Литкружок на заводе No 1 насчитывает 15—20 человек, более или менее регулярно посещающих занятия. Преобладающее большинство кружковцев — поэты. Некоторые из них печатаются в «толстых» журналах, как например Б. Макаров, некоторые — в своей газете «Заводская правда». Актив — 5-6 человек — ни разу не пропустил занятия.

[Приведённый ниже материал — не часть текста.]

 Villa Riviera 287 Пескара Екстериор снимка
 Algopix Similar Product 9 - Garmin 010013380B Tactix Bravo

Выделяются стихи Б. Макарова, М. Леонидова, С. Куликова.
Чем они выделяются?
Во-первых, более серьезным отношением к слову в отличие от других литкружковцев. Эти три автора наиболее требовательны к себе, и поэтому их стихи не напоминают «копии образца». Во-вторых, в них уже имеются элементы борьбы и преодоления старого в новом в простой и ясной форме. Темы их стихов сами по себе ломают (языком, понятием, отношением) старые каноны стихотворной речи. Кроме того стихи имеют еще одно бесспорное достоинство: они ясны. Почему? Потому что сам материал ясен, потому что им ясны идеи этого материала, который требует и диктует средства своего выражения.

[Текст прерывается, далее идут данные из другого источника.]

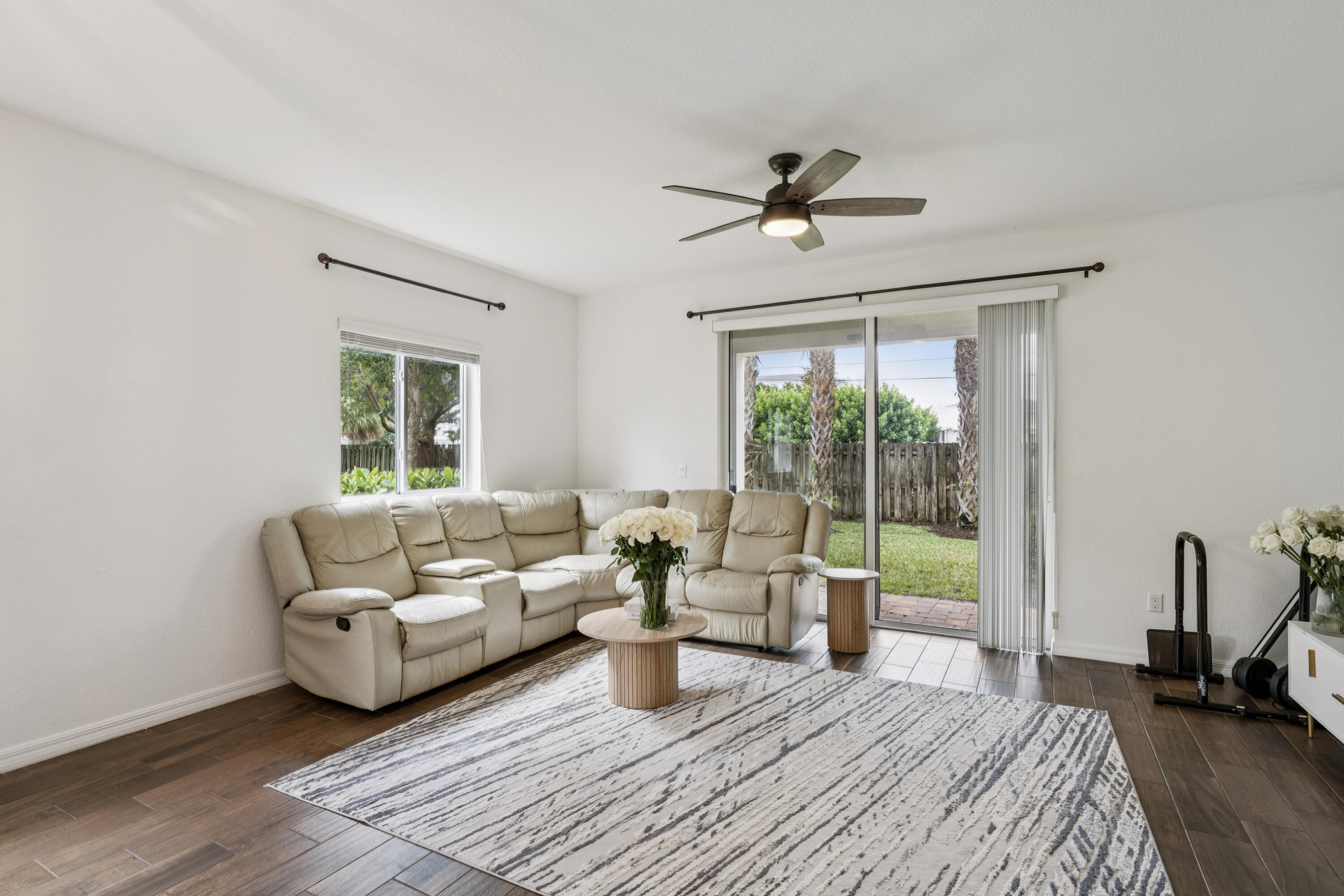 WATERVILLE - Residential Lease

Жизнь завода, гражданская война, боец Красной армии, молодежь, социалистический труд — круг их тем. В одном из своих стихотворений Б. Макаров рассказывает о конюхе в колхозе. Его уход за общественными лошадьми — большой и ответственный пост. Конюх Колесников Влас не может улечься спать, покуда не попрощается с каждым конем в отдельности.
И ночью его бородатая тень
Прошла в лошадиный уют,
Подслушивал конюх в сухой темноте,
Как лошади клевер жуют.
М. Леонидов в одном из последних своих стихов ставит вопрос о его праве на песню о гражданской войне, хотя он по своему возрасту не мог быть участником этой войны. Это оспаривается в его стихотворении героем гражданской войны:
Разве ты видал хоть пепел
Боевых огней?
Разве слышал ты над степью
Гиканье коней?
Конечно, не только участнику гражданской войны принадлежит право песни о гражданской войне.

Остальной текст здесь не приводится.